B.     PERJUANGAN ERA ORDE BARU
      Perjalanan ini tidak mulus, tetapi lewat tindakan-tindakan keras seperti pembubaran partai politik yang tidak mau mencantumkan Pancasila pada Anggaran Dasarnya, pernyataan Negara dalam keadaan darurat perang, dan akhirnya pembubaran Konstituante hasil pemilu tahun 1955.
      Dekrit Presiden 5 Juli didukung oleh rakyat Indonesia dan militer, dan dibenarkan oleh ahli hukum, meskipun beberapa partai politik mengatakan dekrit itu tidak sah.

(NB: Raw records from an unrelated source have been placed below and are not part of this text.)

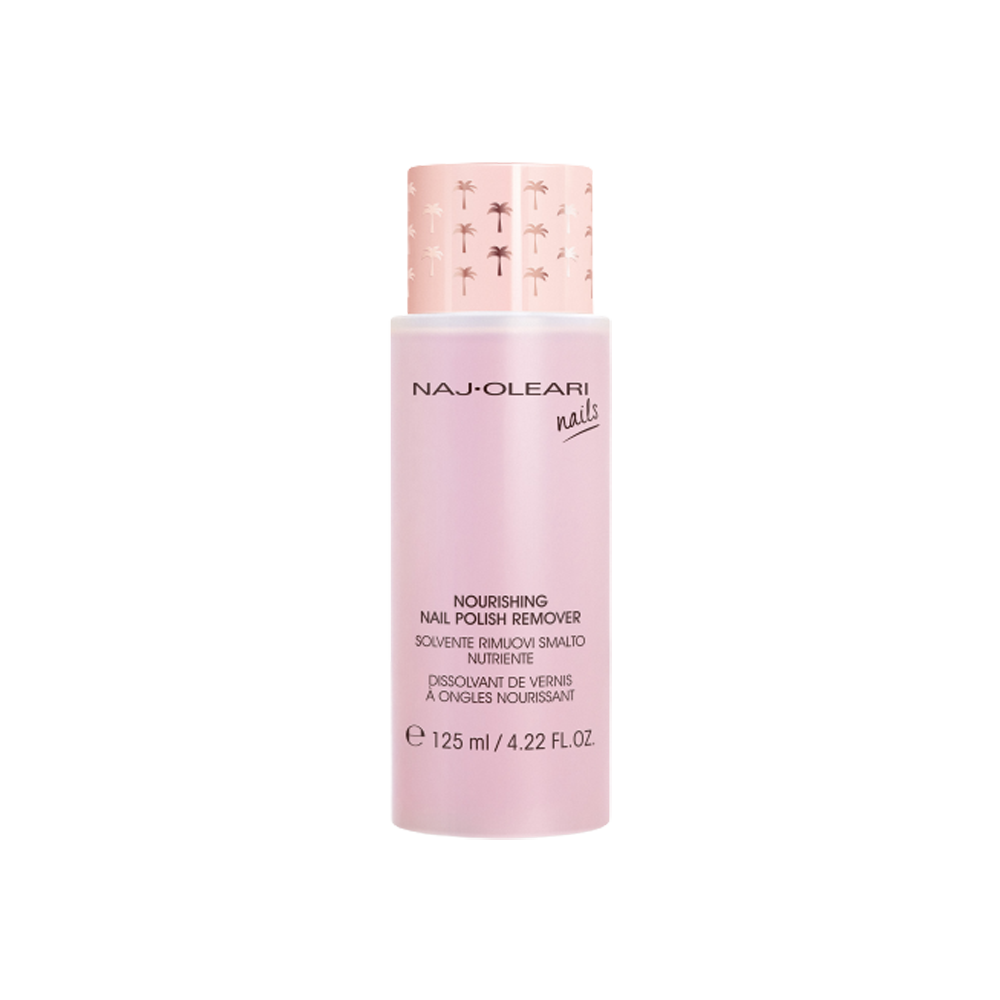 Naj-Oleari Nail Polish Remover, , large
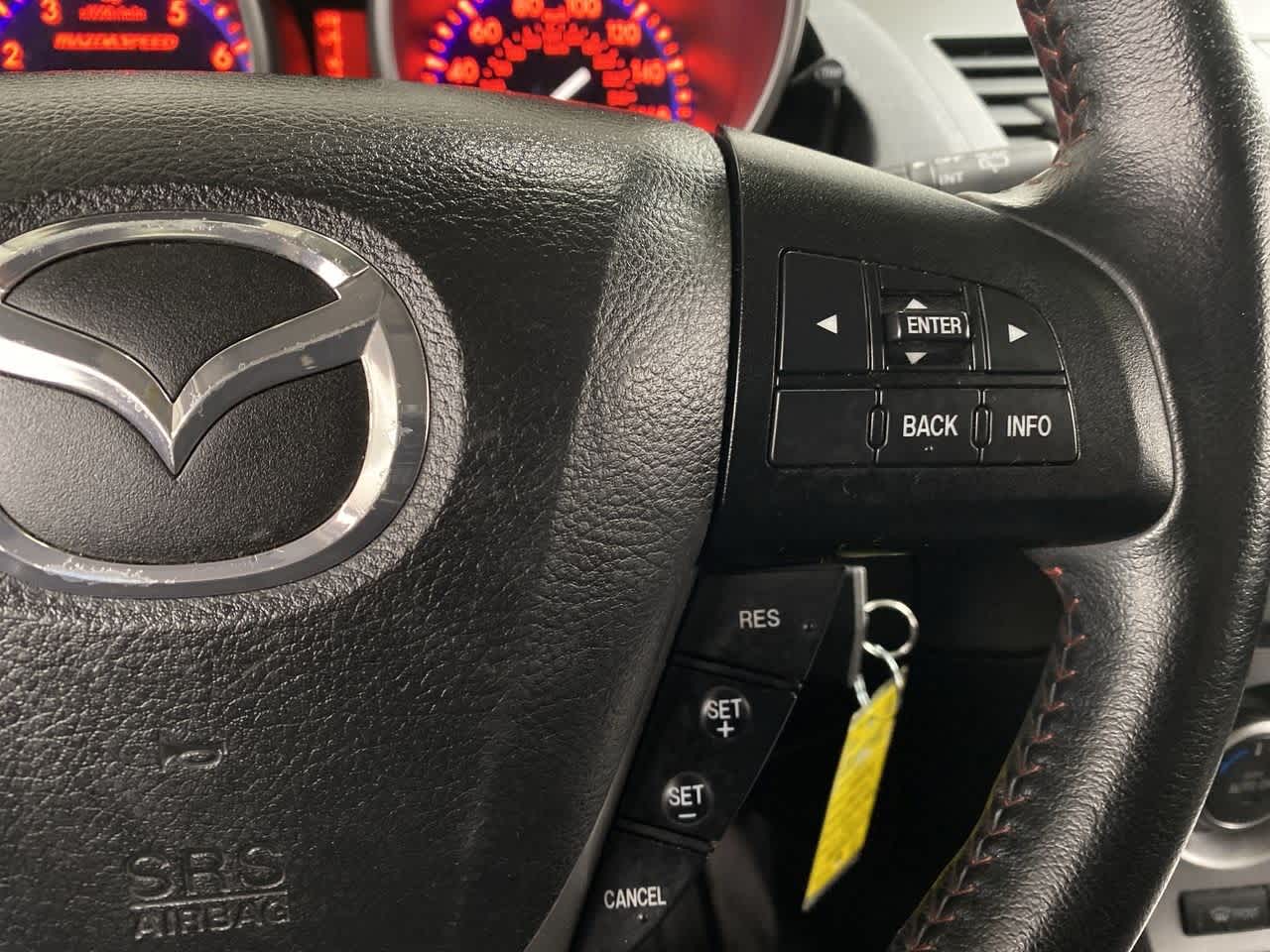 Thumbnail: 2011 Mazda Mazda3 - 21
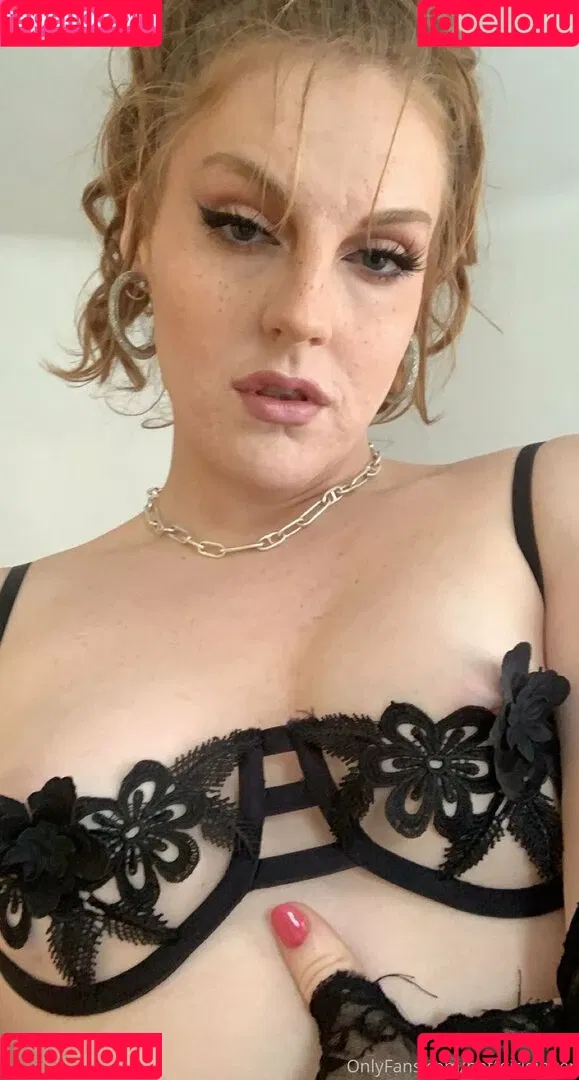 hottgirlginger Onlyfans Photo Gallery 
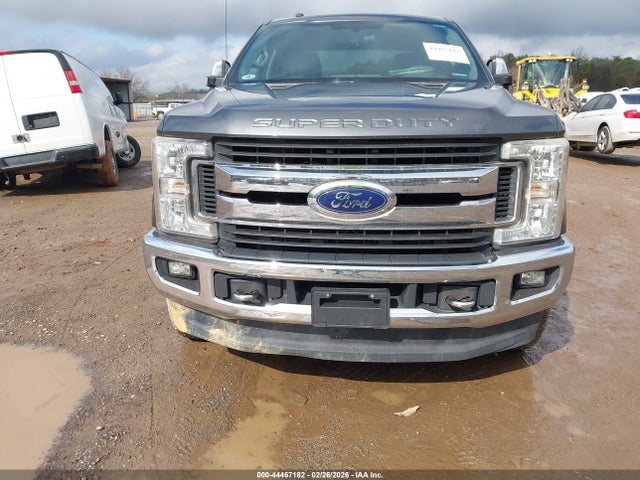 Ford F-250 Xlt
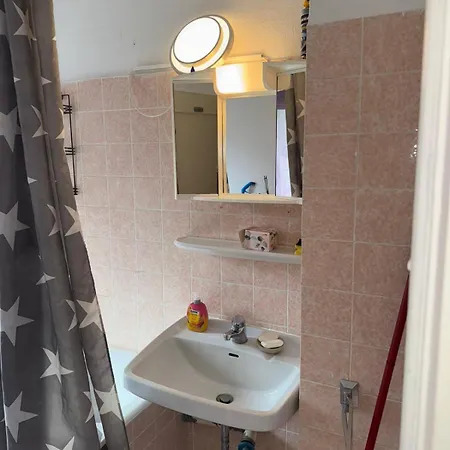 Near Station Daire Kelkheim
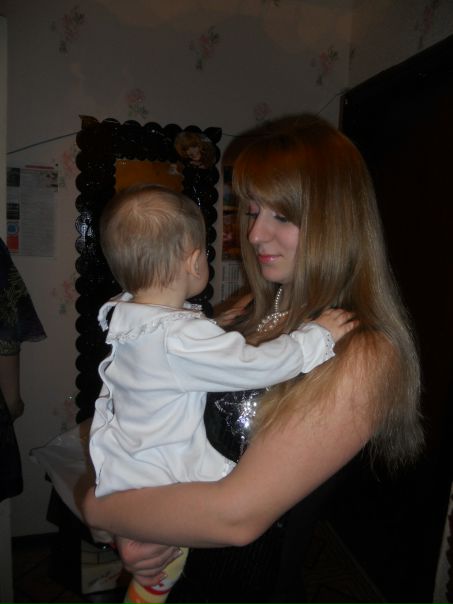 №52, Кристина Титова, 37 лет, Москва №52, Кристина Титова, 37 лет, Москва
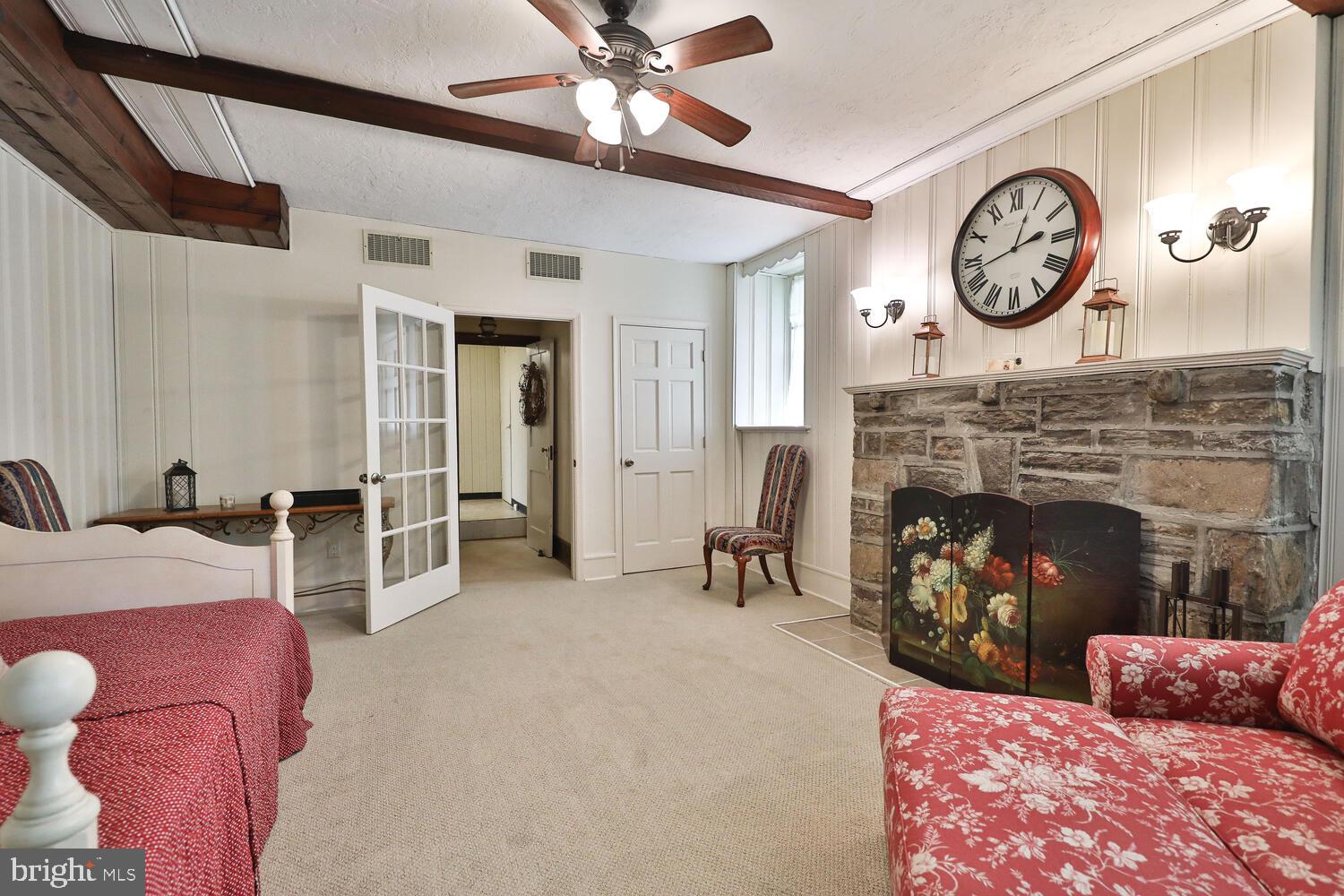 118 Holmecrest Road Jenkintown, PA 19046 - Photo 17 of 37 Family Room/Office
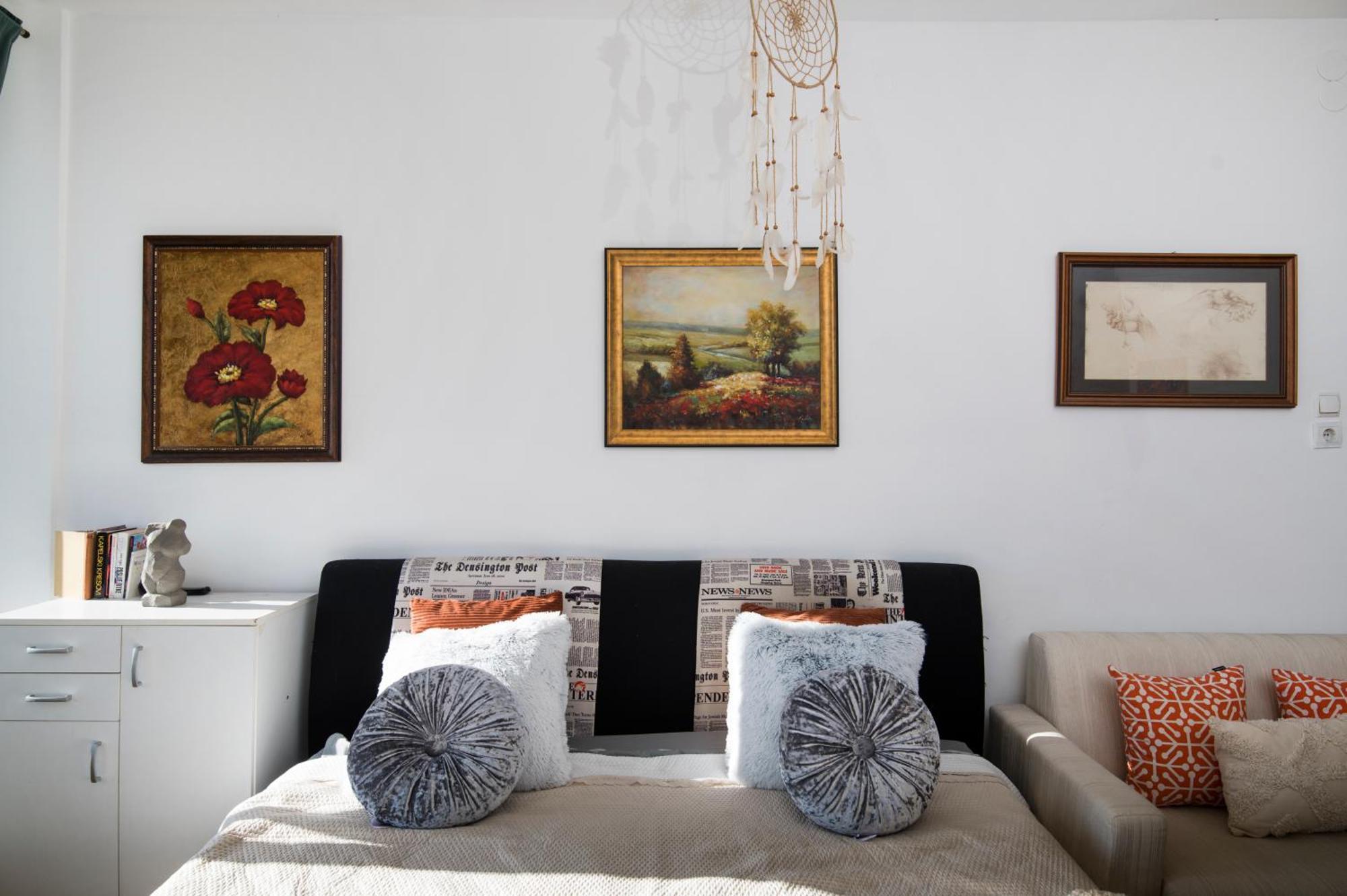Split Sea View Centar Xxl Διαμέρισμα Εξωτερικό φωτογραφία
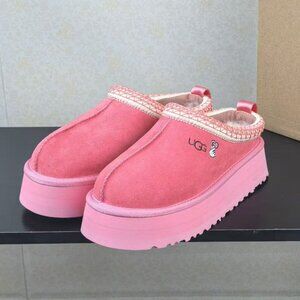 Ugg Tazz Love ‘25 Platform Slippers Limited Edition
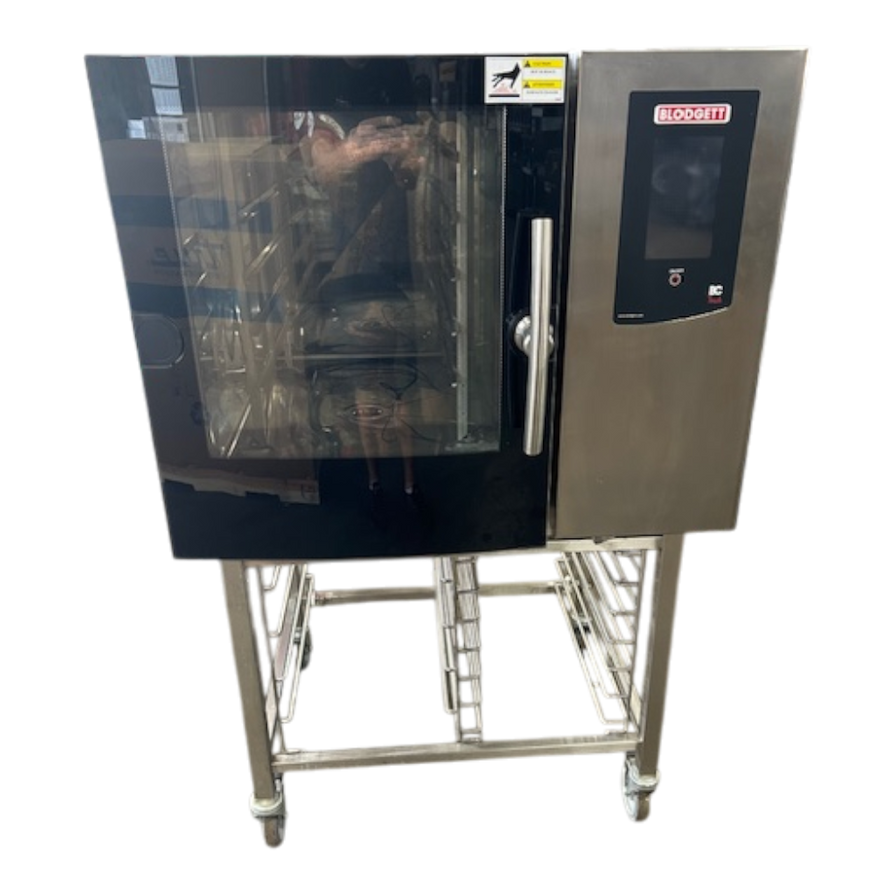 Blodgett BCT-61E - Electric Combi Oven with Stand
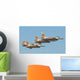 Royal Moroccan Air Force Wall Decal Design 14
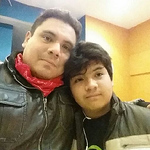 Profile Picture of Jimmy Christian Guerrero Ramos (@jimmy christian guerrero ramos) on Flickr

Ahli hukum menegaskan Dekrit Presiden 5 Juli 1959 sah dengan alasan bahwa dekrit itu didasarkan pada “hukum darurat Negara yang subjektif”.
      Isi pokok Dekrit Presiden 5 Juli 1959 ialah:
1.      Menetapkan pembubaran konstituante
2.      Menetapkan Undang-undang Dasar 1945 berlaku lagi bagi segenap Bangsa Indonesia dan seluruh tumpah darah Indonesia, terhitung mulai hari tanggal penetapan Dekrit dan tidak berlakunya lagi UUDS
3.      Pembentukan MPRS yang terdiri dari anggota-anggota DPR ditambah dengan utusan-utusan dari daerah-daerah dan golongan-golongan serta pembentukan DPAS akan diselenggarakan dalam waktu sesingkat-singkatnya (Lembaran Negara RI seperti dikutip J.C.T. Simorangkir, 1984: 272).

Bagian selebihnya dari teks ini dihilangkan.